*Supplied material*.
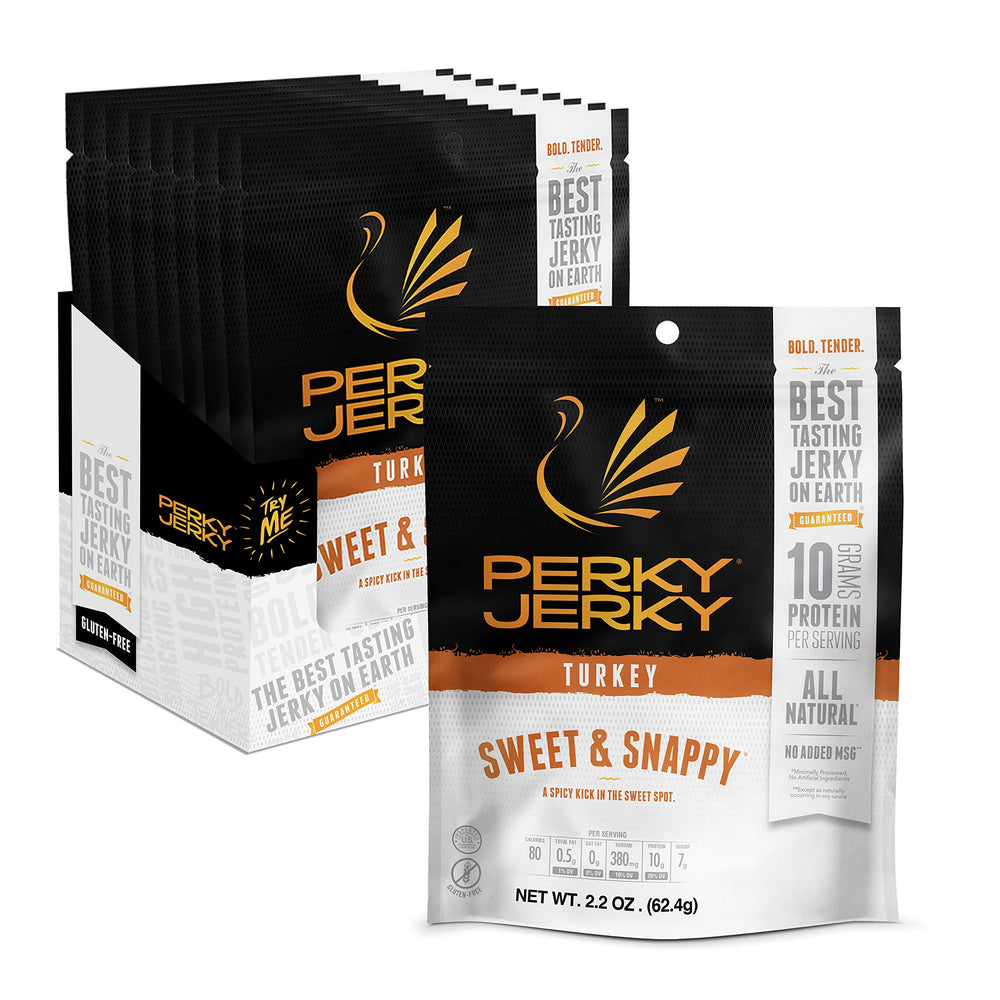 Perky Jerky front packaging showing sweet and snappy flavor and convenience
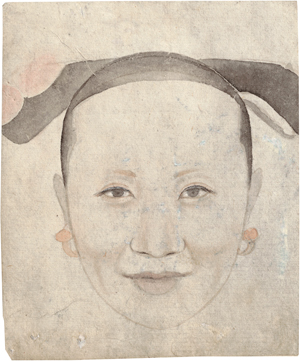 Lot 6741, Auction  117, Indonesisch, 19. Jh. Kopf einer Asiatin mit schwarzer Haube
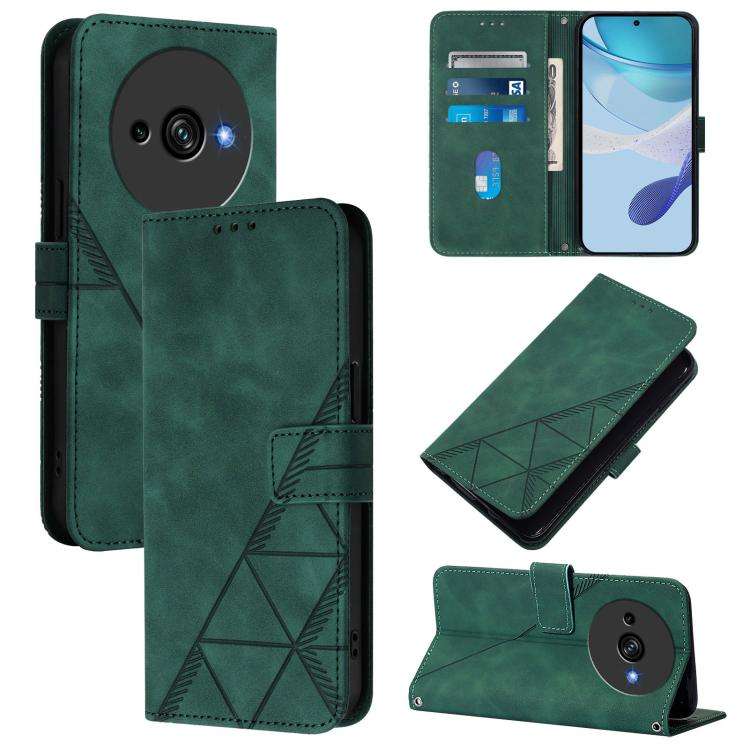 For Oukitel C59 / C59 Pro Crossbody 3D Embossed Flip Leather Phone Case(Green)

*How to complete this task*. The listing above is to be retyped word for word, with the pictures omitted.

*Your solution*.
 Perky Jerky front packaging showing sweet and snappy flavor and convenience
 Lot 6741, Auction  117, Indonesisch, 19. Jh. Kopf einer Asiatin mit schwarzer Haube
 For Oukitel C59 / C59 Pro Crossbody 3D Embossed Flip Leather Phone Case(Green)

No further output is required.